On 4/18/13 1:05 PM, glen wrote:
Marcus G. Daniels wrote at 04/18/2013 11:39 AM:
Well, I've done this before on a real problem using a monadic interface
of Bullet physics to Haskell.
Nice.  Is it open?  Or lost in some well of secrecy somewhere?
Um, err, it was a SC11 demo, so it's been shown, but I'd need to fill out paperwork to distribute it.
Meh.

It's a 3D model of enzymatic degradation of cellulose. A couple kinds of enzyme agents, one that breaks hydrogen bonds thereby exposing glycosidic bonds for breaking by another enzyme type. Idea is to find the right mix of enzymes to optimize the rate at which agricultural waste wood can be broken down into gluclose, and then fuel. Spatial considerations like are important in containing the reactions. Going further and doing a full blown molecular dynamics simulation would take a solar system worth of computers. Thus the hybrid approach.

Obviously, the decoupling of agents and environments is not a new idea.
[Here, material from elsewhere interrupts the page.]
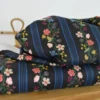 Tissu Rifle Paper motif fleurs et rayures Noir - Collection Gracie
Karl Sims '94, etc.
Because the types are an assumed ontology, inferences made by the simulation can be classified into "yeah, we programmed it that way" vs. "hey, that's interesting". The extent to which strong or weak typing matters should depend on the requirements, the use cases for the simulation. I'd like to find a way to choose strong or weak typing depending on what I'm trying to do.
Ok, assertions can be added to check for expected constraints on mixed sets or types can be grown to tolerate some or total mixing. Sort of the same idea. But I now find I prefer the latter because it requires explicit consent at compile time. Tracking down when a errant member in a mixed set appeared in a weakly typed collection requires putting assertions all over the place or intercepting all set insertions and winding the stack back to see who did it. Makes me sad.